▶ _Exercise_
Below are records; reproduce exactly the lines from the first through the one containing "Monarch butterflies (Danaus".
• • • • • • •
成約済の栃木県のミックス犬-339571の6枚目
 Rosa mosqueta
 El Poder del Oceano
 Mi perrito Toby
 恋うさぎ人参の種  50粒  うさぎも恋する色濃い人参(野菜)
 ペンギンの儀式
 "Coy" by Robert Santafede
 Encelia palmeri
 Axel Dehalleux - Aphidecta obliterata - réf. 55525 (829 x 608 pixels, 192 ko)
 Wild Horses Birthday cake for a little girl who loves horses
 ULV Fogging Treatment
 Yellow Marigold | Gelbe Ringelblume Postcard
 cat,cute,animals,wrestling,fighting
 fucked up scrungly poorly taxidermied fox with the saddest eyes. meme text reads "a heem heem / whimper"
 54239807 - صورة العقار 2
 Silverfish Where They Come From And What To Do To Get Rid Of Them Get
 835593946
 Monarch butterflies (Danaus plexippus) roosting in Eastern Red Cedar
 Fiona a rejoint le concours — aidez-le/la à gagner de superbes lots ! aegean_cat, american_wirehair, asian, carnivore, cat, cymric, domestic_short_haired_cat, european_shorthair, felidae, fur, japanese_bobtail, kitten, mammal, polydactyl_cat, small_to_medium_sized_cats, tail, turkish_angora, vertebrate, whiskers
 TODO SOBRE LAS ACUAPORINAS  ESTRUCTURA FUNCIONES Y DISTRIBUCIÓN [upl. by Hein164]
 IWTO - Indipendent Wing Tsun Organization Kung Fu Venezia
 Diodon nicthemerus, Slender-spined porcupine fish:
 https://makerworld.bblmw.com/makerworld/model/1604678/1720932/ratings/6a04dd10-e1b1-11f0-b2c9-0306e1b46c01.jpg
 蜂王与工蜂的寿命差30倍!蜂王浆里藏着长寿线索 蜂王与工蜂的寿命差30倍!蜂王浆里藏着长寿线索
• • • • • • •
▶ _Written reply_
成約済の栃木県のミックス犬-339571の6枚目
 Rosa mosqueta
 El Poder del Oceano
 Mi perrito Toby
 恋うさぎ人参の種  50粒  うさぎも恋する色濃い人参(野菜)
 ペンギンの儀式
 "Coy" by Robert Santafede
 Encelia palmeri
 Axel Dehalleux - Aphidecta obliterata - réf. 55525 (829 x 608 pixels, 192 ko)
 Wild Horses Birthday cake for a little girl who loves horses
 ULV Fogging Treatment
 Yellow Marigold | Gelbe Ringelblume Postcard
 cat,cute,animals,wrestling,fighting
 fucked up scrungly poorly taxidermied fox with the saddest eyes. meme text reads "a heem heem / whimper"
 54239807 - صورة العقار 2
 Silverfish Where They Come From And What To Do To Get Rid Of Them Get
 835593946
 Monarch butterflies (Danaus plexippus) roosting in Eastern Red Cedar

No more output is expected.